Short text fragments from websites:
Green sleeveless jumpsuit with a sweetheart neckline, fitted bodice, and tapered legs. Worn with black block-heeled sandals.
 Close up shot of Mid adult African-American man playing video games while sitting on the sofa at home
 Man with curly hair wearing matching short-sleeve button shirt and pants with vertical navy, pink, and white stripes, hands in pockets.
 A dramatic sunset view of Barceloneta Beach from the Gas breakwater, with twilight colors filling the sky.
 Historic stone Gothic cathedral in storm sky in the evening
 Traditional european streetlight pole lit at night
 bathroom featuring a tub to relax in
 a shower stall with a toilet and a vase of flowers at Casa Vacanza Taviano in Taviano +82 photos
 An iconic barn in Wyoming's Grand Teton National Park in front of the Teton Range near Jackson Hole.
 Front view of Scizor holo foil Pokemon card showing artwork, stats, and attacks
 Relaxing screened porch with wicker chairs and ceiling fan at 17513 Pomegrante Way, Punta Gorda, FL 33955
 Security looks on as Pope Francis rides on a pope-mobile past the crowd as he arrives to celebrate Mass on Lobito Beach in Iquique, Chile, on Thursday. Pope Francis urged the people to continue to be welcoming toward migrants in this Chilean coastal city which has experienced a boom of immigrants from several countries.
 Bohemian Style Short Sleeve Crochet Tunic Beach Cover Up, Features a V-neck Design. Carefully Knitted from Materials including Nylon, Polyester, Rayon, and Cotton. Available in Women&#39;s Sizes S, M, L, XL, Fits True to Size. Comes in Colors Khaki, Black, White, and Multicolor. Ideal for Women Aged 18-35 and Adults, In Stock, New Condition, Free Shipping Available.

_WORK TASK_.
Print, from the entries above, the line with "Traditional european streetlight", the line with "a shower stall" and all lines between them, exactly and with nothing else.

_SOLUTION TO THIS TASK_.
 Traditional european streetlight pole lit at night
 bathroom featuring a tub to relax in
 a shower stall with a toilet and a vase of flowers at Casa Vacanza Taviano in Taviano +82 photos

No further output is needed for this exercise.